[[ Supplied material open ]]

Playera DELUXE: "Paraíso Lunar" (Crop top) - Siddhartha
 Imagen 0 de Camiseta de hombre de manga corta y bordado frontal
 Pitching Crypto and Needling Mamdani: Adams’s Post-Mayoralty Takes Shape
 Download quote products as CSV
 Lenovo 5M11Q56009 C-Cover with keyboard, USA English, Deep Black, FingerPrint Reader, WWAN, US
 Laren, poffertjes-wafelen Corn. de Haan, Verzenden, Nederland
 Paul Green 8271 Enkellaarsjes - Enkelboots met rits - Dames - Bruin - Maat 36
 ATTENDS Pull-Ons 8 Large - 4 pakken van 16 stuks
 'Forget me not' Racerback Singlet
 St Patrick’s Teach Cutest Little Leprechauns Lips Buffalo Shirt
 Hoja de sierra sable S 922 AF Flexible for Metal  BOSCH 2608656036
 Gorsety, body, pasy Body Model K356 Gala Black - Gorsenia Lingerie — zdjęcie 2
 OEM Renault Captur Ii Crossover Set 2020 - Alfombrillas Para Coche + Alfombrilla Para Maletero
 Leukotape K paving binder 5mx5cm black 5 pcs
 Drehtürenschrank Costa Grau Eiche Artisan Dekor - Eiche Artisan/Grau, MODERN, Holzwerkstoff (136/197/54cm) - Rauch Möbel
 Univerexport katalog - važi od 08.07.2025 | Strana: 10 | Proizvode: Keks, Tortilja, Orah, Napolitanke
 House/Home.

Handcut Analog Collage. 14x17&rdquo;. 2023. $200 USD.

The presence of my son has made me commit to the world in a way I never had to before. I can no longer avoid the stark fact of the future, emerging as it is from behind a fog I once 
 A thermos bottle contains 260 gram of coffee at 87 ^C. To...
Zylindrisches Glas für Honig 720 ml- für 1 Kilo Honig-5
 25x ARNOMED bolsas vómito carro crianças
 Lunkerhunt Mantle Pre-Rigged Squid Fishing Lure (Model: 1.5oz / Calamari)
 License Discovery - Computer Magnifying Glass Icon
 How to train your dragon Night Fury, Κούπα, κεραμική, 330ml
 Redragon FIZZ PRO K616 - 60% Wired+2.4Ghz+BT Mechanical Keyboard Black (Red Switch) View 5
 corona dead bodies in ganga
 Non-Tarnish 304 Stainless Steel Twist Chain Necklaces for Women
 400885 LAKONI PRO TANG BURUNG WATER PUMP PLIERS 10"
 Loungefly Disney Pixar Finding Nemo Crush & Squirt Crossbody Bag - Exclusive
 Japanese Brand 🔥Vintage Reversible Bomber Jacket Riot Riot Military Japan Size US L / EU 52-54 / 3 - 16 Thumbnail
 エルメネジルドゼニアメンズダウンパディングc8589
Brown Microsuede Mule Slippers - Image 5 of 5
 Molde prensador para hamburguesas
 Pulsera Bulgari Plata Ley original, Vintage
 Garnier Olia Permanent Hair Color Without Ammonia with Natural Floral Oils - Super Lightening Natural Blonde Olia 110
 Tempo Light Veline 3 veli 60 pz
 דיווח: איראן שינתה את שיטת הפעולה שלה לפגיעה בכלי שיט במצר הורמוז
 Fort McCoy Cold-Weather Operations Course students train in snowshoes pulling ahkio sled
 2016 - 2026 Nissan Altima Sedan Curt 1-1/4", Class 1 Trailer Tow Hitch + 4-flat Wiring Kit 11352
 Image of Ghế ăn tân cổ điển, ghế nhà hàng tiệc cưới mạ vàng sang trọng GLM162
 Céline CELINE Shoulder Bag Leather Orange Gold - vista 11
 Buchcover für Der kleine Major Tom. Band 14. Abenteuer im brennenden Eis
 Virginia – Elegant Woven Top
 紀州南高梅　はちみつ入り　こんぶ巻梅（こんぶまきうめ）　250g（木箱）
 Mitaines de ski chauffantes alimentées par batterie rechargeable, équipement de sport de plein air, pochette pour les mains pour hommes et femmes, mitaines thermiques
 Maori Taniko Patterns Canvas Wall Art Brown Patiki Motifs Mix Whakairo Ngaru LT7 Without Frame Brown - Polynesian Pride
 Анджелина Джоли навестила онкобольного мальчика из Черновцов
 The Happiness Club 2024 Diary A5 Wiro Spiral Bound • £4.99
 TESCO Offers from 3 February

[[ Supplied material closed ]]

:: Work to be completed ::
Restate word for word the lines above, beginning at the first one and ending at the line that carries "Paul Green 8271".

:: Exercise output ::
Playera DELUXE: "Paraíso Lunar" (Crop top) - Siddhartha
 Imagen 0 de Camiseta de hombre de manga corta y bordado frontal
 Pitching Crypto and Needling Mamdani: Adams’s Post-Mayoralty Takes Shape
 Download quote products as CSV
 Lenovo 5M11Q56009 C-Cover with keyboard, USA English, Deep Black, FingerPrint Reader, WWAN, US
 Laren, poffertjes-wafelen Corn. de Haan, Verzenden, Nederland
 Paul Green 8271 Enkellaarsjes - Enkelboots met rits - Dames - Bruin - Maat 36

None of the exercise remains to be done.